VOSZ secretary general Ferenc Dávid told MTI that the draft implementation decree includes some exceptions, such as shops operating in passenger ports for domestic and international services, small retailers selling building materials and garden shops.

It lists a total of sixty towns and villages along the Lake Balaton, Lake Tisza and Lake Velence where shops with a floor area of under 200 square metres can operate on Sundays during the tourist season between July 1 and August 30, he added.

The green opposition LMP party welcomed the plan to allow garden shops to remain open on Sunday but said it was unacceptable that the government was preparing regulations with a view to fit certain persons.

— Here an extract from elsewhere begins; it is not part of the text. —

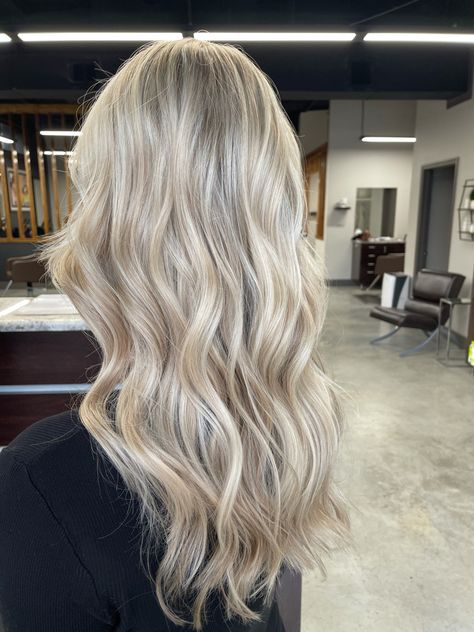 Blonde Balayage Cream, Light Blonde Hair With Dimension, Full Foil Blonde Hair, Bright Sandy Blonde Hair, Swedish Blonde Hair Balayage, Vanilla Blonde Hair Color Ideas, Cold Tone Blonde Hair, Cream Blonde Hair Highlights, Cooler Blonde Hair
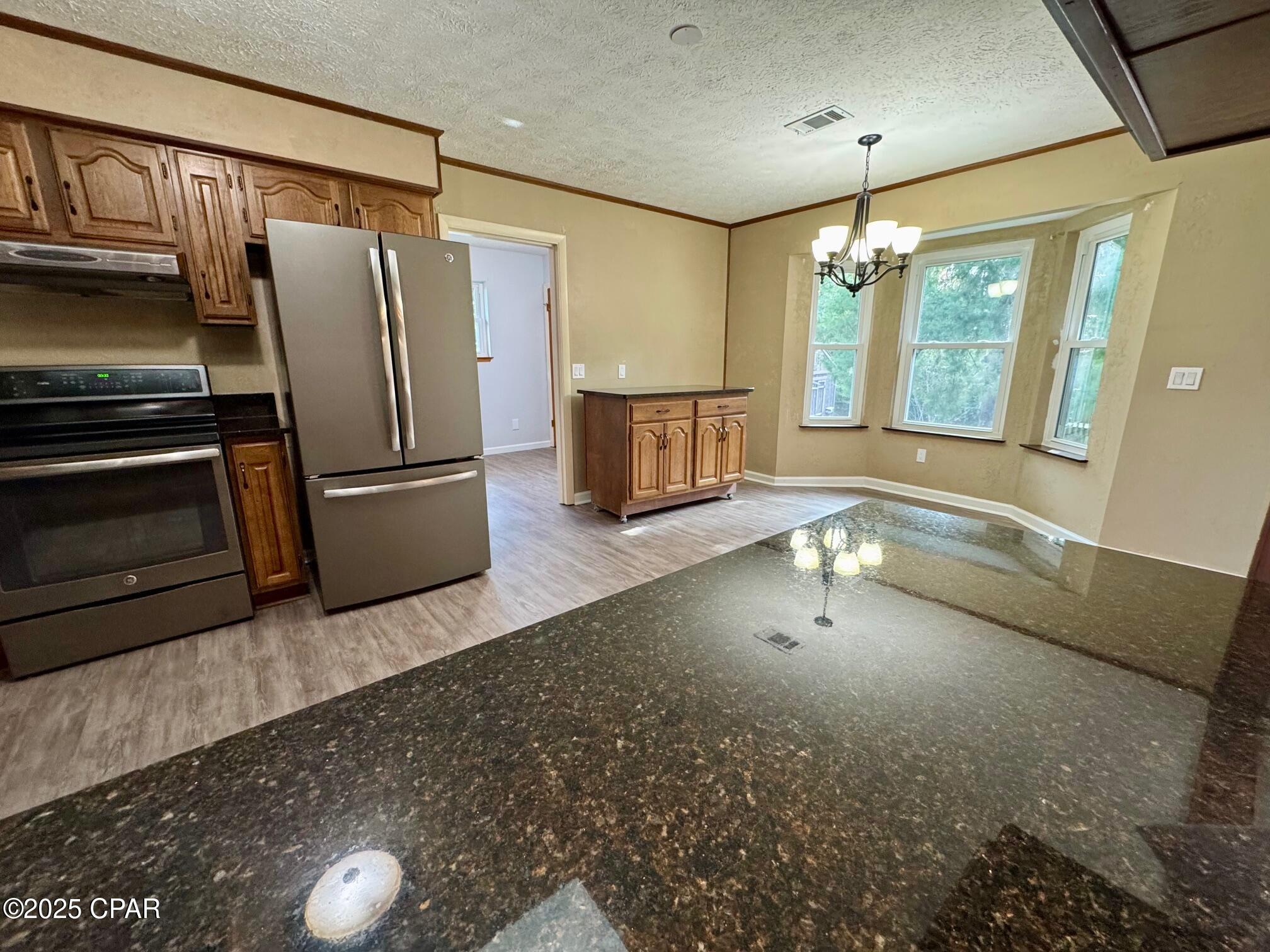 I. S. Morris - Residential Lease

Szilvia Lengyel, the party’s expert in rural development, and lawmaker Benedek R Sallai told a press conference that the main beneficiary of relaxing the rules on ports would be Prime Minister Viktor Orbán’s son-inlaw, István Tiborcz, because a business he owns recently purchased the port of Keszthely.

Meanwhile, Hungary’s national election committee (NVB) has rejected a bid to hold a referendum on Sunday shopping and whether restrictions should be overturned.

The three questions for a popular vote submitted by István Gaskó, head of the Liga trade union group, and Sándor Demján, chairman of the employer association VOSZ, were: “Do you agree that the ban on Sunday work should be terminated in the retail sector?”

“Do you agree that the opening hours of Sunday retailers should not be restricted?” and “Do you support the opening of retail outlets on Sunday without restriction?”